Alguém duvidaria dessa afirmação? Nas ruas, a sociedade se apresenta dividida entre os insignificantes pedestres e os poderosos motoristas. Como em toda batalha, resta aos vencidos conformar-se ou vingar-se através do humor. Um exemplo de conformismo é a adivinha popular "Qual é a diferença entre um playboy muito rico e um pedestre?". Resposta: "O playboy tem carros de muitas marcas e o pedestre tem marcas de muitos carros".
Os delírios de vingança assumem até a forma de lenda urbana. Muitos paulistanos juram ter visto a lendária cena da "velha da sombrinha" na Avenida Paulista. Muda o estado, muda a avenida elegante, mas a história varia pouco: um motorista costumava fazer poucas e boas com seus carros importados, pela avenida e os policiais não podiam impedir porque o sujeito era rico. Um dia, ele parou bem no meio da faixa de pedestres, obrigando as pessoas a desviar dele. Mas eis que surgiu uma velha pedestre vingadora e encheu o carro do sujeito de sombrinhadas. Os policiais nada fizeram além de rir.

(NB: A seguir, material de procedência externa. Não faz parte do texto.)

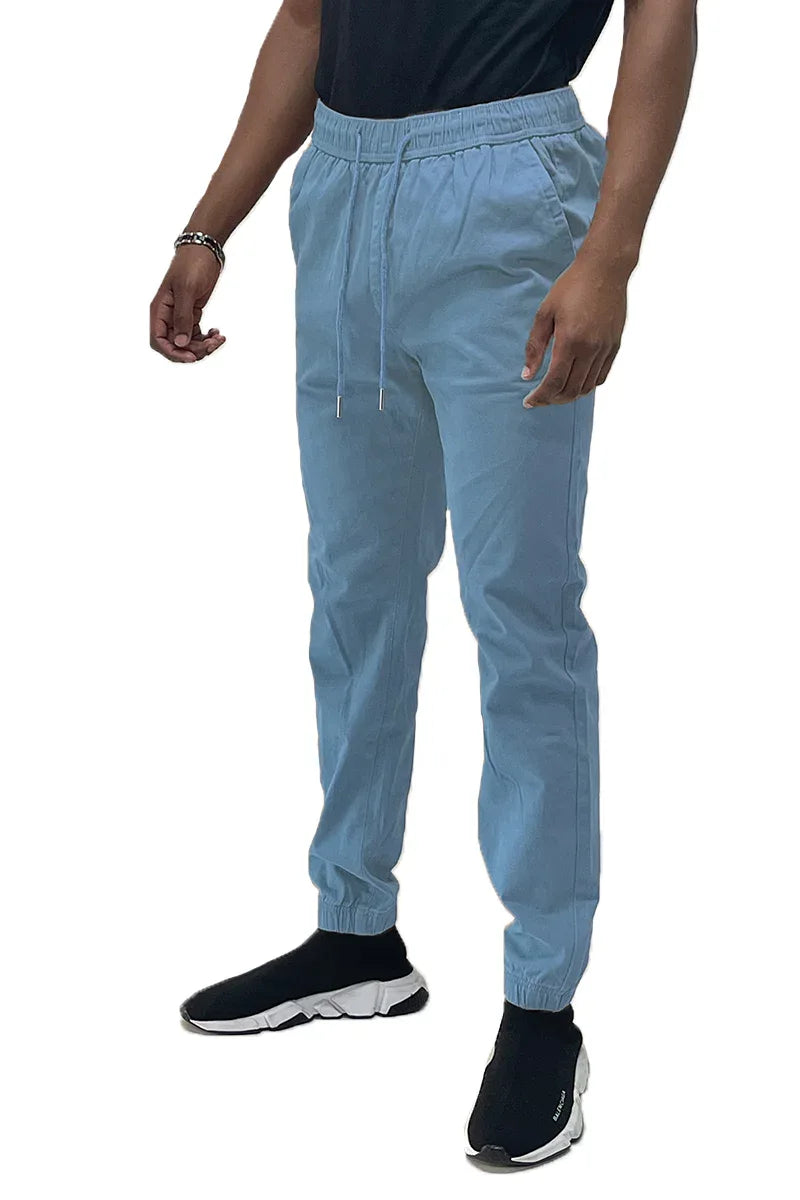 Front view of solid jogger pants with elastic waistband and pockets laid flat on a white surface.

De origem verdadeira ou não, a história divide as opiniões em qualquer mesa de bar. Uns apoiam a velha, outros juram que a matariam se o carro lhes pertencesse. Para mim, o interessante é que a lenda parece ter se originado e difundido não entre pedestres comuns, mas entre policiais. As forças da lei andam fartas de baixar a cabeça e sofrer humilhações. Nenhuma propina compensa totalmente o desejo de ver um poderoso se dando mal.
Se você for um otimista compulsivo, talvez prefira continuar acreditando na versão de Motor mania: o Sr. Motorista é, no fundo, no fundo, um pedestre gente boa, que passa por surtos frequentes, mas volta ao normal, quando sai do carro. Infelizmente, a observação me diz que não é mais assim. Em pouco tempo, a personalidade motorista ganha força e acaba por predominar mesmo quando o sujeito se encontra longe do carro.
Observe como as pessoas se movimentam nos shoppings das grandes cidades. Os carros ficam no estacionamento, mas os eternos motoristas andam às pressas, atropelando uns aos outros, ocupando o máximo de espaço possível. Sem a armadura proporcionada pelo veículo, isolam-se fisicamente, colocando as mãos na cintura e projetando os cotovelos para fora, ou usam os carrinhos de bebê para abrir caminho à força. Costumam parar de repente, obstruir o caminho e andar para trás, quando bem entendem. Se caminhassem assim, nas ruas, entre pedestres de verdade, acabariam levando sombrinhadas de alguma velha vingadora.